Nos puede parecer una tontería para quienes ni siquiera corremos la cortina de nuestras casas para evitar indiscreciones, pero para las personas mayores, ver la vida pasar es la manera más efectiva de saber que los días siguen pasando. Tere y sus vecinos han enviado una carta al ayuntamiento, para pedir que le corten las puntas al árbol. No quieren hacerlo desaparecer. ¡Ni mucho menos! Pero con un trabajito de poda, podrán combinar la sombra en la plaza con las vistas de las personas mayores que viven en el edificio. De momento, les han respondido que no le toca pasar por jardinería. Que vuelva usted mañana. A veces, el bienestar social de quienes habitan las ciudades no se mide con los mismos parámetros que los de la gestión. Pero eso es otro asunto.
Cuando era pequeña, vivíamos frente a una iglesia, un cine y una plaza. Mi abuela se sentaba cada tarde, después de comer, junto a la ventana del cuarto de estar. En una silla. Nada de sillón. Desde ahí veía la tele, divisaba el barrio y, para más inri, tenía debajo el radiador de la calefacción. Antes que ella, se sentaba ahí su madre, mi bisabuela Sabina, a la que recuerdo vestida de negro, con el pelo recogido en un moño y la cara llena de pupas. Ese alfeizar era estratégico. Y desde él, mi abuela nos veía llegar a mi abuelo y a mí del colegio, a mi madre de trabajar y en ocasiones, al panadero traer el pan y a alguien cometer alguna tropelía en los años más complicados de la droga en los barrios. Pero también veía ir y venir a los vecinos, se enteraba antes que nadie de las nuevas relaciones amorosas de la manzana y controlaba las novedades de la calle. Ahí la recuerdo sentada siempre. A veces, intercalando la vigilancia con una revista. Otras, separando las lentejas buenas de las malas para el día siguiente. O con la ensaladera de las judías verdes entre las piernas para limpiarlas y cortarlas en trozos para el hervido de la cena.
Pero, esa no era su única ventana. Al otro lado de la casa, en la cocina, donde pasaba la otra mayoría de sus horas mientras nos preparaba la comida y la cena, mi abuela tenía otra ventana. Esa daba a una residencia de curas y a las taquillas de los únicos cines de la ciudad durante esos años. Desde esa ventana veíamos quién había pasado el fin de semana haciendo cola para ver una película, con quién había ido e incluso a qué hora había salido. Durante una época, ese también fui mi ocio los sábados y domingos después de comer, porque eran los días en que los más jóvenes acudían a las salas. Desde ahí, también escuché decenas de conciertos en la plaza de toros, que no veíamos, pero sí oíamos desde la zona. Y desde ahí, comencé a descubrir que las transitadas vistas que veía encima del bar de enfrente no eran una academia de peluquería, sino un club de alterne. Todo eso lo descubrí desde una ventana.

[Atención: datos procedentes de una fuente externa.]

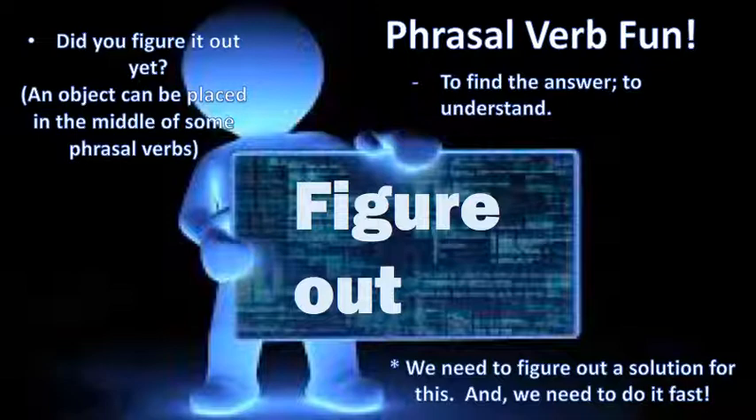Hello everyone and welcome to phrasal verb fun. Today's phrasal verb is 'figure out.' Be strong on the 'fuh' sound — the top teeth have to touch that bottom lip. Fuh-fuh-figure, guh-guh, figure, figure, figure out.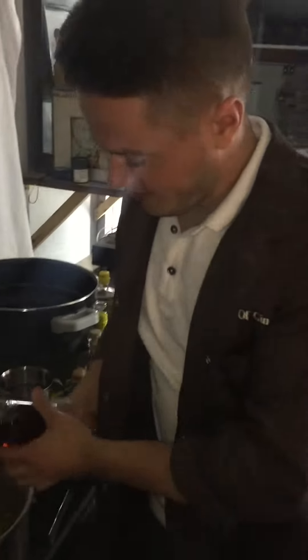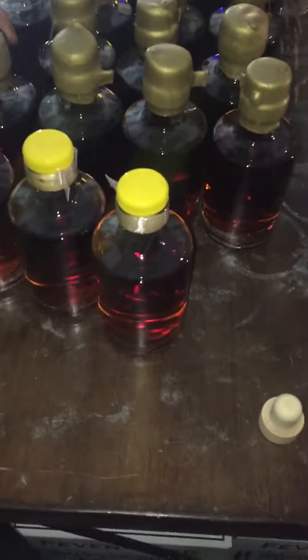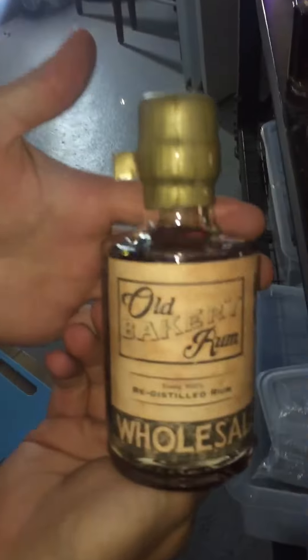What are you doing mate? So we are now wax sealing the re-distilled rum — let's see what you're doing because that is the finished product. We've also got a little trial bottle here, so that is what it will be looking like.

Esta semana he acabado de ver The Crown, la serie basada en la vida de la Reina Isabel de Inglaterra. Voy tarde, como a casi todo. Pero así soy yo. Y ahí me di cuenta de que las ventanas también jugaron un papel fundamental en la vida de alguien que lo tenía todo. A través de una, su hermana, la princesa Margarita, pudo seguir viendo el cielo, tras los derrames cerebrales que sufrió durante un periodo de su vida, y que acabaron provocando su muerte. La ventana sostuvo sus recuerdos. Mirar a través de ella le dio un poco más de vida. A la Reina la vemos asumir que un día morirá a través de la ventana de uno de sus palacios. Ahí ve a su gaitero, el que la despertaba cada mañana con su música, y al que vimos tocar, en la vida real, en su funeral, un lamento que en el episodio ella encarga ese día. A través de ese mismo elemento, ve elegir a su marido el famoso Land Rover que acabó llevando el féretro del duque en su entierro. Y sobre todo, desde una ventana, vivió el miedo al rechazo de su pueblo.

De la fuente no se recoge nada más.